Unless you're a both a pessimist and a contrarian, there is a lot to be proud of right now if you're a Ravens fan. Sure, this team hasn't always looked pretty this year. They've done some stuff the hard way. And there are still lingering issues that may ultimately doom them in the playoffs. But locking up the No. 2 seed, earning a home playoff game, and sweeping the toughest division in football, is a tremendous accomplishment. Just for a moment, take a second to appreciate what a grueling march this season was, and tip your cap to acknowledge where the Ravens ultimately ended up. It seemed like a lot of factors were working against Baltimore this week. A lot of people looked at this matchup and saw a young and hungry team (Bengals) playing host to an old and injury-plagued team that has had a ton of trouble winning on the road this year (Ravens). I admit I was one of them who viewed the game that way. My head kept telling me the Bengals were going to win this game. But I still couldn't bring myself to pick the Bengals to win.

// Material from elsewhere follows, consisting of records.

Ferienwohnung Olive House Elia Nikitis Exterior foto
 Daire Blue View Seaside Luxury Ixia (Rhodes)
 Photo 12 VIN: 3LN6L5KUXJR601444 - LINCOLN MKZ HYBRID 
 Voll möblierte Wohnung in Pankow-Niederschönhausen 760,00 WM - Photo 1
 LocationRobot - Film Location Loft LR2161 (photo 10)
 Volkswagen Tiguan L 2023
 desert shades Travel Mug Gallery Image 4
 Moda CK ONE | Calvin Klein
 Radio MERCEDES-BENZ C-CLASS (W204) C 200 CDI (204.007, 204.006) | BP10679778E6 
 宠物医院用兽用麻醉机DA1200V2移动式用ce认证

And the reason for that was Ray Rice.
This season, and this game in particular, should serve as conclusive proof that Rice is one of the NFL's best players, and it would be a little insulting to make him play another season under a 1-year-deal after he's proven himself repeatedly. (He led the NFL in yards from scrimmage this year with 2,068.)
We talk about Joe Flacco a lot in this space. We debate whether or not he's progressing, we argue over where he fits in the NFL quarterbacking hierarchy, and that's always a worthy debate. Because you can't win an NFL championship in this era of wide-open football without a decent quarterback. You have to have some balance. This is not Trent Dilfer's NFL anymore.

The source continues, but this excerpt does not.